## [What is being asked]
Without pictures, output exactly the lines running from the line containing "5Pcs/Set AUTEL IKEYTY8A4AL" to the end of the listing below.
[Opening Stored data section]
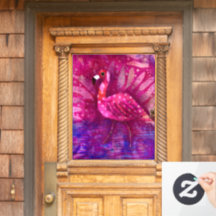Whimsisch Abstrakt rosa Flamingo Tropical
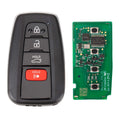 5Pcs/Set AUTEL IKEYTY8A4AL 4 Buttons 315/433 MHz Smart Key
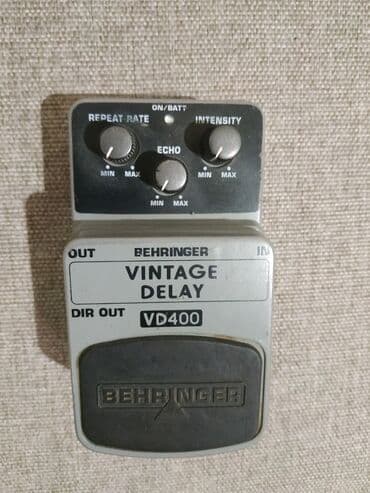 GuiТar: Гитарный эффект Delay от BEHRINGER. Примочка. Электрогитара. Также в at lalafo.kg GuiТar: Гитарный эффект Delay от BEHRINGER. Примочка. Электрогитара. Также в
[Closing Stored data section]
## [Answer space]
 5Pcs/Set AUTEL IKEYTY8A4AL 4 Buttons 315/433 MHz Smart Key
 GuiТar: Гитарный эффект Delay от BEHRINGER. Примочка. Электрогитара. Также в at lalafo.kg GuiТar: Гитарный эффект Delay от BEHRINGER. Примочка. Электрогитара. Также в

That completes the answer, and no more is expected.